You all know me by now.  I don’t aim to please any one.  I’m not aiming for any status or any ones approval. This is me…all me. I recite the ups and the downs.

No one is perfect. Me, 10’ tall on a Weight Watcher poster….while I must say looks pretty effin’ perfect…it’s not. (I’m normally not that tan but I had trained all summer & was in LA at the time so Eh??)

Perfect is slipping up….

Perfect is admitting you have done wrong…

But that you want better and you won’t give up until you get it….no matter how many tries it takes…
As you can see I survived the Boilermaker.

It was my worst race to date. I ran 9.30 miles in 2:09:33….I have normally ran 1/2 marathons in that time. Last year I ran the Boilermaker in 1:30.

But…that’s not me….not right now.  WAIT!!….That *is* me….it’s just not where I am at this very minute.
I had one goal….CROSS THE FINISH LINE!! Because I backed out of this race SO many times in my head. But *this* time I told myself….

YOU CAN KEEP CUTTING YOURSELF SHORT. YOU CAN KEEP NOT BELIEVING IN YOURSELF…..OR YOU CAN SHOW THE WORLD WHAT YOU TRULY BELIEVE IN….
SO I RAN…AND I RAN (and I walked)….AND I RAN (and I walked)…..FIGHT FOR WHAT YOU WANT
(and walk for it)…BECAUSE SUZI STORM DOES NOT GIVE UP!!!!! SUZI STORM MAY STUMBLE BUT NEVER QUITS!!

I won’t lie and say that the race “changed” me completely…or got me back into my game 100%….actually I hated it afterwards and was depressed.

But this race was bigger than me. It made me think. Then all of a sudden….Weight Watcher Commercials starting airing again….

And there I found myself. That is *ME* mememememememe!!

I may not be exactly physically and mentally where I was when I shot them, but by fucking god….that is ME!! I still have that in me.  Every one who has mentioned seeing me…and for the first time….I saw it….and wow.

I love it….not because of how I look, or what we say….but because we are LIVING PROOF!! So….I’ve gained some weight back. I haven’t given up. It’s not Weight Watchers fault….its my fault for giving up on myself. Which I needed to do for a little bit, because I’m a people pleaser. Well….
I’ve pleased enough people….back to pleasing myself (HEYO!!!!!).

First step(S):528061_332163490200778_1203034477_n
483108_332515810165546_1466984803_n
OOF!!

Pain is temporary…Pride is forever!!!!!!!!

I had a choice that day….go hard…..or home.

I chose to go hard. Though I haven’t gone hard in a long, LONG while. But I DID IT!! AND I FUCKING DID IT HAAAAARD!!!! Like super, supreme orgasm hard.

Not every person falls into their “perfect” weight and stays there forever. That doesn’t mean they gain it all back, or that they fail.

Some do hit their target and stay there….and god fucking bless them. I thought that was me. I really *really* did.
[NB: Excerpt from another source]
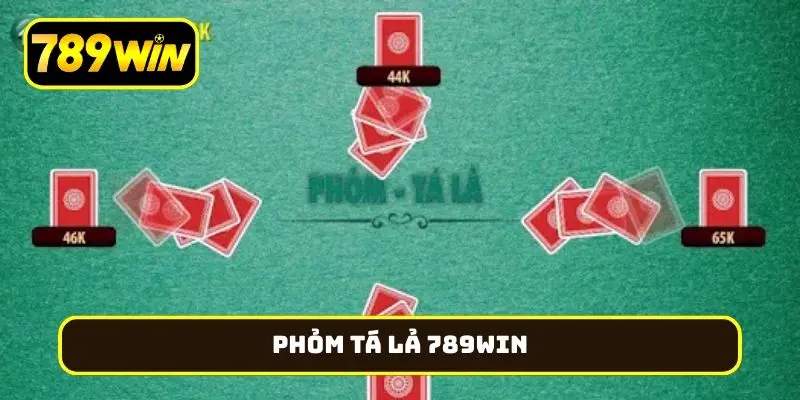 phỏm tá lả 789Win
But I’ve got bigger demon’s to fight. And here come the confessions:

I’ve talked about depression here…blah. blah, blah…ever overweight person has depression. I’m just another. Yet…mine was critical. I tried to kill myself more times than I can count (sorry mom). I took tests, mental and physical. Come to find out…I’m naturally crazy!! HA!! I have a very, very low serotonin level. SO all those years of me trying to slit my wrists the wrong way had a reason to the rhyme. I'm proud to say I no longer want to dabble with death, but I still have my bouts of depression for sure.

I grew up having to deal with being sexually assaulted/abused for a bit…but I don’t let that define me NOW. But it has….and it’s still in the back of my mind at times. But I can’t let it define me. That doesn’t define my SeXAY!!!!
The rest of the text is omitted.